Изменить стиль страницы

— Ай-й! — Он так и подскочил, задев ногой явно что-то живое.

— Господи, да это всего только я, — прошептала Мэкси. — Я думала, ты увидишь. Извини.

— Что ты тут делаешь в моей кровати?

— Я, наверно, заснула. Устала, пока стелила. У тебя такая огромная кровать, сразу не обойдешь.

— Но ты голая, — заметил он.

— Да-а? — сонно протянула Мэкси. Хм-м…

— Хм-м… странно. Действительно. — Она зевнула. — Должно быть, решила, что я дома. Прости, пожалуйста.

— Ты уж больше меня не пугай. Ненавижу, когда пугают.

— Конечно, ненавидишь, — промурлыкала Мэкси, успокаивая его как ребенка и при этом придвигая его голову к своей роскошной груди — этим божественным теплым плодам. — Конечно, миленький мой, бедненький мой Рокко. Конечно, мы ненавидим, когда мы болеем.
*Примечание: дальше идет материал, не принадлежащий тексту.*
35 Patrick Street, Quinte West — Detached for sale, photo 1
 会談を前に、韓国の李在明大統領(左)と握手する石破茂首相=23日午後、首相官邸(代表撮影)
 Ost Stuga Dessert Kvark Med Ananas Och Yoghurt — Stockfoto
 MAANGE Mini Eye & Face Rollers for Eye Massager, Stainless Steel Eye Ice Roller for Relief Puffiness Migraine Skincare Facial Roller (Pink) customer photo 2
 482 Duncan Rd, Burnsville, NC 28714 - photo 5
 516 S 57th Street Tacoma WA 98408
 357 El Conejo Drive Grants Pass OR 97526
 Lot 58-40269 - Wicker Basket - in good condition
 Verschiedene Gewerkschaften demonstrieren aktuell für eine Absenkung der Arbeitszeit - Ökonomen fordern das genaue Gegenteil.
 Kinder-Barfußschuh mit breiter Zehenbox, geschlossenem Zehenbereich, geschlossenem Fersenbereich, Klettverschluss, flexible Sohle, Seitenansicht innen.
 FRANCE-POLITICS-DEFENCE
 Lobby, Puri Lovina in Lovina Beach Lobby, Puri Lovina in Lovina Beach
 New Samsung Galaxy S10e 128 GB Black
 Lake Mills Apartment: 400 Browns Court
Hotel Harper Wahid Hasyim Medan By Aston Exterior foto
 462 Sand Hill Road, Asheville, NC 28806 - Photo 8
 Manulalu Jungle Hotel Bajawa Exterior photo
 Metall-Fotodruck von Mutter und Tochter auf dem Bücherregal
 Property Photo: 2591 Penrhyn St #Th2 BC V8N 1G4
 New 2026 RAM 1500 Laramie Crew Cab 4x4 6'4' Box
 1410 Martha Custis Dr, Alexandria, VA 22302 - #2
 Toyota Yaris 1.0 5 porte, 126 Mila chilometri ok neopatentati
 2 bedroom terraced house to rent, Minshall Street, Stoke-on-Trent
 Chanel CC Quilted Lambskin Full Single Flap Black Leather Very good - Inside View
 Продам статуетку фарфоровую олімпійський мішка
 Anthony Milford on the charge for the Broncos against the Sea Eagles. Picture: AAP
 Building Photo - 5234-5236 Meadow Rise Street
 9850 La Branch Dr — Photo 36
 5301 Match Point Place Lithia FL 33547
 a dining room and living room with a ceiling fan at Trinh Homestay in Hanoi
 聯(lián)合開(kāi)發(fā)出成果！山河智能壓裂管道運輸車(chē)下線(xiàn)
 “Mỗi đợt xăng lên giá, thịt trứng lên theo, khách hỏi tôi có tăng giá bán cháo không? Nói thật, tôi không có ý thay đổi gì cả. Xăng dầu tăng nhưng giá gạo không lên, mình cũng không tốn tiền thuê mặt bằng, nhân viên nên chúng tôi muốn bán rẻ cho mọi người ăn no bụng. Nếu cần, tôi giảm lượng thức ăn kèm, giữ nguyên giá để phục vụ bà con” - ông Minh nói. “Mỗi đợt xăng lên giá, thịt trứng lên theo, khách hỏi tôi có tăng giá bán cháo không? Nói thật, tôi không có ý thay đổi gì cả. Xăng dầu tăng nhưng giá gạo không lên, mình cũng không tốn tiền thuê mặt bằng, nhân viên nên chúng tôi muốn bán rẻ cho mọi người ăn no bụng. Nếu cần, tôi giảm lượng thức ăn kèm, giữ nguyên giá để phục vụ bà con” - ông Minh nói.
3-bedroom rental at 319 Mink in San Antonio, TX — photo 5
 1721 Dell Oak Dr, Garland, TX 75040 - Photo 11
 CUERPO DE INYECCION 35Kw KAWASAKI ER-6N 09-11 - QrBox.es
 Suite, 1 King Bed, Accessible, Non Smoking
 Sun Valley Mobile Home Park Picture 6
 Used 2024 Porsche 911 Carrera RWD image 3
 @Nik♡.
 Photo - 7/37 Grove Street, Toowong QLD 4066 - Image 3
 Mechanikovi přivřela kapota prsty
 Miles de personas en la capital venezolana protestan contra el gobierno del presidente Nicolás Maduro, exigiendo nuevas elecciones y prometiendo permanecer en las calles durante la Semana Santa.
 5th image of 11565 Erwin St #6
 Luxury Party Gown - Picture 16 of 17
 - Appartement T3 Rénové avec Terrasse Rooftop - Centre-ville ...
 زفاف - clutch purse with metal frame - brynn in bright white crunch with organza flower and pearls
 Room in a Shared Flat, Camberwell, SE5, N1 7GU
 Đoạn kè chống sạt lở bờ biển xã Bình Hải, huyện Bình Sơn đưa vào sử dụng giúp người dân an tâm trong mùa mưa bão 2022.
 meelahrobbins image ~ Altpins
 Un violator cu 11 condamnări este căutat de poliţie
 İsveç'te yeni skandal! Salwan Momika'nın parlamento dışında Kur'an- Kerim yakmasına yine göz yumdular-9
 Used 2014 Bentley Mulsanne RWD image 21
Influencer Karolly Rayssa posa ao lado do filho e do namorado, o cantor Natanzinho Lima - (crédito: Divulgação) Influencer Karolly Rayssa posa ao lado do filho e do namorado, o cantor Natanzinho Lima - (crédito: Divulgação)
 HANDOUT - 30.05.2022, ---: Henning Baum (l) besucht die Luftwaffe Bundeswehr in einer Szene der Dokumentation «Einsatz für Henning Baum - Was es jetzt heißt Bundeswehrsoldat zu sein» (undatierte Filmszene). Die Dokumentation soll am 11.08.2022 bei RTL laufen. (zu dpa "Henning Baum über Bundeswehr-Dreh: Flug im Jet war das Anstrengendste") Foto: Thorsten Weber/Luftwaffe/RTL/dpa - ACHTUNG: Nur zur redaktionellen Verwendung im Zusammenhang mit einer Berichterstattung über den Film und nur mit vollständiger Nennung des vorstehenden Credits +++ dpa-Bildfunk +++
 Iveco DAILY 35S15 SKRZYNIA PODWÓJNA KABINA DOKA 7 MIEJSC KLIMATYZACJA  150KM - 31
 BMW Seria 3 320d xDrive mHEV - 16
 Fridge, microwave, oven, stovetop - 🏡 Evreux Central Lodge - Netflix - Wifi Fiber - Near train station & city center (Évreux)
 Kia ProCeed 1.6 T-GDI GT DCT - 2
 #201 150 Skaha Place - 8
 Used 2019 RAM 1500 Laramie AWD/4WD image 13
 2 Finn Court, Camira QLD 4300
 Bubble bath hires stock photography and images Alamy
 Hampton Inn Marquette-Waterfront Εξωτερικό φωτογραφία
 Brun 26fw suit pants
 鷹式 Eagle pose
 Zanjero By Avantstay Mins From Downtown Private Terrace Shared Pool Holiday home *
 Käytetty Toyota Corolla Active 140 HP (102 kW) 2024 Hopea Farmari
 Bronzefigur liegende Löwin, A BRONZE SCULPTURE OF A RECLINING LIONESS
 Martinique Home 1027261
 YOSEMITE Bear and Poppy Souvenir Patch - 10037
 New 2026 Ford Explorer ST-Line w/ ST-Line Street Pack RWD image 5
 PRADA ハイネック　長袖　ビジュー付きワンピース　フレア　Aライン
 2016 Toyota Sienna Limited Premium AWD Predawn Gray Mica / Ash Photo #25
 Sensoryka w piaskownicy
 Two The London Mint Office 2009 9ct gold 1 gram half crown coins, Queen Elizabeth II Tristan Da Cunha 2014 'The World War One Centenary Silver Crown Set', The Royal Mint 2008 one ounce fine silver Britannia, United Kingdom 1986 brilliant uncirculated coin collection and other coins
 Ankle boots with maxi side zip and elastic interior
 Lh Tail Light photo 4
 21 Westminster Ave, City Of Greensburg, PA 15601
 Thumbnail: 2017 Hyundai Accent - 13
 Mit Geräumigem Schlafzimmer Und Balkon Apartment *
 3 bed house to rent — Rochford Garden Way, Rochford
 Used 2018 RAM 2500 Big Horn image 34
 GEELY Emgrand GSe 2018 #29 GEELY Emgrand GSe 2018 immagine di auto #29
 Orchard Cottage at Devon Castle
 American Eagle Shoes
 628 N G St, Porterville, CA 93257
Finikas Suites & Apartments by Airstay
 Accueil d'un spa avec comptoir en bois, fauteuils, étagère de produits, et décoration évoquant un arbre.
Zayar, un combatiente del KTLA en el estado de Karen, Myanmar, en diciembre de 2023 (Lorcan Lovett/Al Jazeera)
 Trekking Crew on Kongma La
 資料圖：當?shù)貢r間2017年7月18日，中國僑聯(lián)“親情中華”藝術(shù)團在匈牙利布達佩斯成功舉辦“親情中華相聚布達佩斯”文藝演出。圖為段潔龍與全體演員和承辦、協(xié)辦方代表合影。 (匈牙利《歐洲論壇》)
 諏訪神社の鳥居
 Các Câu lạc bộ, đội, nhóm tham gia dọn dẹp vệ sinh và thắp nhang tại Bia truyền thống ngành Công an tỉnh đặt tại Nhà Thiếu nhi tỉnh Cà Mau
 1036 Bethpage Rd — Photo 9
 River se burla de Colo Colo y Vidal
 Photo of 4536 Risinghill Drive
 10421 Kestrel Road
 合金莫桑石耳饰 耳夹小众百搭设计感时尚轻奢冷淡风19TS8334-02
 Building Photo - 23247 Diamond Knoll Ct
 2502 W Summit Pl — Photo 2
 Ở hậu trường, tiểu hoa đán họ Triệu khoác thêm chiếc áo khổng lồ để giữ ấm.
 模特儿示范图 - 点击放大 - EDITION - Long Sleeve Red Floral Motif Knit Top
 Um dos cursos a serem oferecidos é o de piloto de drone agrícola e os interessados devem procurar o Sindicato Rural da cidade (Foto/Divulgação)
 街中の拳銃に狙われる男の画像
— Я ведь заразный, — со вздохом предупредил он, беря в рот один из ее сосков.

— Не беспокойся. От твоих простуд я еще ни разу не заражалась, — произнесла она, целуя его сперва в плечо, а потом в одной заветное место на затылке: если ей не изменяет память, когда-то он так любил, чтобы его целовали именно там.

Да, память не подвела. В сладостной блаженной истоме Рокко уже не мог сопротивляться ее чарам. Проворные губы и руки Мэкси с триумфом довершили дело.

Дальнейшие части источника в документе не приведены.